* **Problem**:
Between the line containing "A confocal image" and the line containing "Lactancia materna en" lies a run of lines; give that run again exactly, with both of those lines, and nothing else from the entries below.
• • •
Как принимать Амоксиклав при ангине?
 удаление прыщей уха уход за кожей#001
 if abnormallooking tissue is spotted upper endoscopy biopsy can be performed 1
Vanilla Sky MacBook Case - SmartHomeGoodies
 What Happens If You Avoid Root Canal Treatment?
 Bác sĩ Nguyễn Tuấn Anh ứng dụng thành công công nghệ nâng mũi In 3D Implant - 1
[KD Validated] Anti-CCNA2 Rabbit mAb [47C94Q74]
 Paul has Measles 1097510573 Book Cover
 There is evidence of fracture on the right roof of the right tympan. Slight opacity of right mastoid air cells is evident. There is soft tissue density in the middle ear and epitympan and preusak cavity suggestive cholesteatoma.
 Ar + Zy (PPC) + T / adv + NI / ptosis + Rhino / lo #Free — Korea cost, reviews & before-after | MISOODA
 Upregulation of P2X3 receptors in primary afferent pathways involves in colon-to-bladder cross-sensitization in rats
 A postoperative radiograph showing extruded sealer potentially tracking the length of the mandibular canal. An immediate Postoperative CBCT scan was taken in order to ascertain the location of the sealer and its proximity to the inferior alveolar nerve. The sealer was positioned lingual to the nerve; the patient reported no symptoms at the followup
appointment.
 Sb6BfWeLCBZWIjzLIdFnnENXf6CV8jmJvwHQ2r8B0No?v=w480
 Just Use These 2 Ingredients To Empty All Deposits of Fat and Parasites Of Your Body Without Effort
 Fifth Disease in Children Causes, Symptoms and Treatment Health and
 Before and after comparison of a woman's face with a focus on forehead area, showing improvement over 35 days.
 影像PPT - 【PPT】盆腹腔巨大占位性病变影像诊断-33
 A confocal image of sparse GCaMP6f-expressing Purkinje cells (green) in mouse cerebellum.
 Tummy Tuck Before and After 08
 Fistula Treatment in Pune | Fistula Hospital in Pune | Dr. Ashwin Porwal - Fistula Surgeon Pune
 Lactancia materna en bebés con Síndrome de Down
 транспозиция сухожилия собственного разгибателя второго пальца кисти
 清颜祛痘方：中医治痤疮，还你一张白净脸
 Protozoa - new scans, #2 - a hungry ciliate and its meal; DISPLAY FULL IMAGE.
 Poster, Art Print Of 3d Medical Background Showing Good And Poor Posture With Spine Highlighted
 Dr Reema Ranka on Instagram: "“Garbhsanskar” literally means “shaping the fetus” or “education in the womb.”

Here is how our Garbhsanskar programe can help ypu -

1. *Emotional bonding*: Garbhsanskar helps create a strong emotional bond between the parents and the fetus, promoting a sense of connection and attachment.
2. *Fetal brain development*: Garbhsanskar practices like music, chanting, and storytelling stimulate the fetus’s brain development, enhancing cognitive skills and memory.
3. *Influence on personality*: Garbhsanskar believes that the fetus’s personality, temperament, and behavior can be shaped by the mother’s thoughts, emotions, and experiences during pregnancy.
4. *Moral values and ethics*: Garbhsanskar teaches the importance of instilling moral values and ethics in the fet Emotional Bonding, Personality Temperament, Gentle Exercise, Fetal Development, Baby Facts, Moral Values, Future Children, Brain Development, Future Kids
• • •
* **Written solution**:
 A confocal image of sparse GCaMP6f-expressing Purkinje cells (green) in mouse cerebellum.
 Tummy Tuck Before and After 08
 Fistula Treatment in Pune | Fistula Hospital in Pune | Dr. Ashwin Porwal - Fistula Surgeon Pune
 Lactancia materna en bebés con Síndrome de Down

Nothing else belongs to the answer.